I don’t know if I can Mama.
Tell her boy. You gotsta hear yourself say the truth ‘for you know it for sure.
Yes ma’am.
The man stood up straight and wiped the tears from his eyes.
Ma’am. Well that family. They’re the Walkers. He was a construction fella, his wife stayed at home with the kids. The two young’uns you spoke of.
Little Jean? Charlotte said.
And James, the man said. Yes ma’am. Well there was a fire Christmas and to be honest, they all burnt up.
Charlotte felt a stinging in her stomach. Lil’ Jean. James. The Mama standing in the road. She pictured the night again. Tears welled up in her eyes. When will I run out of tears?
Oh my God, Charlotte said. They were such nice people. So, kind. Coming out in the middle of the night.
Finish boy, the old woman said.
I don’t know if I believe all that Mama.
You can’t deny what is shown to you in flesh and blood! With this, the old woman tapped Charlotte. Here the proof stand boy! Here! Deny no longer what you see! Speak!
What else? Charlotte said.
Well ma’am. That wasn’t this Christmas.
What?
The Walkers didn’t die this Christmas ma’am. The Walker family burned up seven years ago. It was Christmas morning, for sure. Made the paper and people talked about it for years. But it weren’t a few days ago. It was seven years ago.
Charlotte went numb. Goosebumps danced along her skin, teasing her body with a story her mind couldn’t accept.
I saw those people. Four days ago.
Yes ma’am. I ain’t saying you didn’t.
And you say they died seven years ago?
Yes ma’am. On Christmas.
Finish boy!
I can’t Mama. I just can’t.
It’s right here boy! RIGHT HERE MIND YOUR SOUL!
The man ran into a back room, crying profusely, lamenting some may say.
Charlotte stood there. This is bullshit. What are you two pulling?

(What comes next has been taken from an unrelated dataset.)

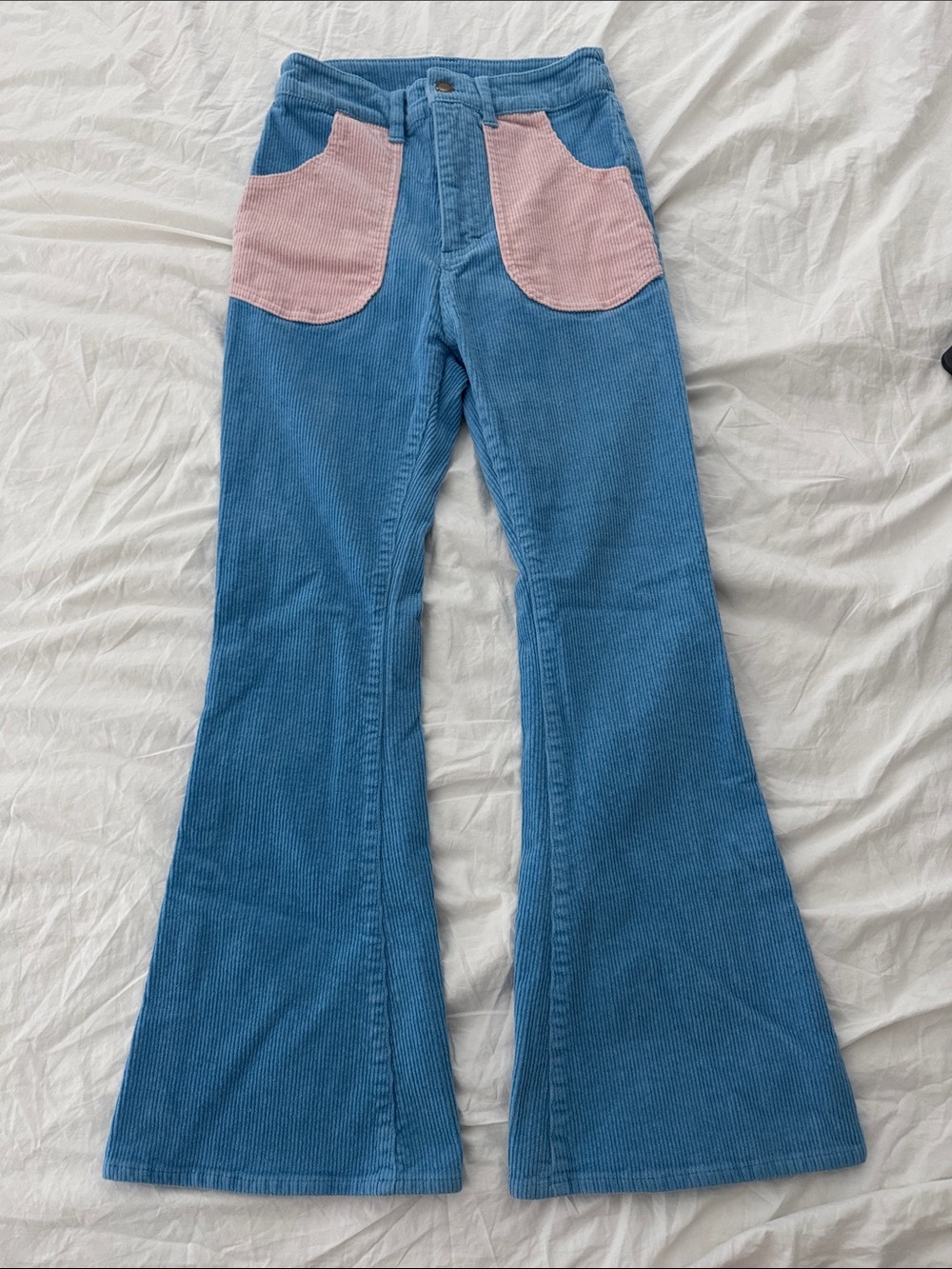 Hammies Retro Flare Groovy powder blue and pink corduroy flares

The old woman moved closer. It’s not a story young’ un. Folks before my time used to say that those who died on Christmas would come back every year. They come as a reminder of His resurrection. They come to help those in need and remind those who’ll see that we are never alone, never unloved and always forgiven.
My mother died on Christmas morning.
She’ll be back.
Excuse me?
The Walkers lived just down the road ma’am. Their trailer is there. All burnt up. You say they come out and helped you. You won’t see no foot prints. Did you see any when you went there? I can see by your face you been there. Thought you were lost? The old woman giggled. You were more found than ever before.
Charlotte looked at the old woman as the boy wept loudly in the back. He asked forgiveness and confessed aloud all manner of sin that we should ignore out of respect. Charlotte went to her car and forgot her water.
We should leave now. Let Charlotte sit in her car. It’s shameful to watch people cry.